The payee is prejudiced when he incurs new debts or extraordinary living expenses in good faith reliance upon his right to the overpayment. The payee must prove that but for the mistaken overpayment he would not have incurred these costs or liabilities. See Lincoln National Life Ins. Co. v. Rittman, 790 S.W.2d 791, 793-94 (Tex.Ct.App. 1990) (restitution not required where insured would have discontinued his daughter's medical treatment absent the mistaken overpayment of the insurance company). In such circumstances the payee has detrimentally relied upon the mistaken overpayment, and equity will not require restitution. The payee cannot be placed in the status quo, where the overpayment induces him to incur new debt he would not have otherwise assumed.
Genuine issues of material fact exist which make summary judgment inappropriate in the case at bar. It is unclear whether Levy would have paid for his daughter's college tuition and expenses absent the overpayment. He had paid for her tuition during prior semesters, but in September 1993, both Levy and his wife were discharged from Chapter 7 bankruptcy. Levy Supp. Cert., Paragraph 4. If Levy would have paid for his daughter's college expenses (approximately $12,000) without the benefit of the overpayment, then restitution of that amount is appropriate.
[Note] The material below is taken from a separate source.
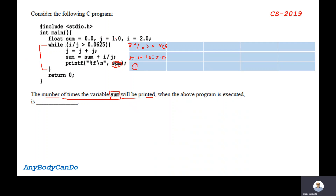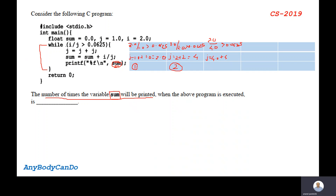Now the initial value of j was 1.0, but now j is 2.0. My i is still 2.0. So 2.0 divided by 2.0 equals 1, and 1 greater than 0.0625 is true. So j becomes 2 plus 2 which is 4.0, and this printf statement executed a second time. Now i is still 2 and j is 4.0. So 2 divided by 4 equals 0.5, and 0.5 greater than 0.0625 is true. So j becomes 4.0 plus 4.0 which is 8.0, and this printf statement executes a third time.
In addition, it is unclear which of Levy's living expenses were ordinary, and which were induced by his good faith reliance upon his right to the $25,000 overpayment. For example, Levy testifies that he "was watching the money even though I was a little easier . . . giving out money at that time because I had this amount of money and I thought that it was going to increase three times." Levy Dep. at 49. While one may infer from this statement that Levy did not use the proceeds for anything but ordinary living expenses, he goes on to state that he would not have purchased a $2500 computer for his daughter without the overpayment. Plaintiff's motion and defendant's cross motion for summary judgment are denied, because genuine issues of material fact remain as to what portion of the overpayment was detrimentally relied upon by Levy in his expenditures for living expenses and his daughter's college expenses.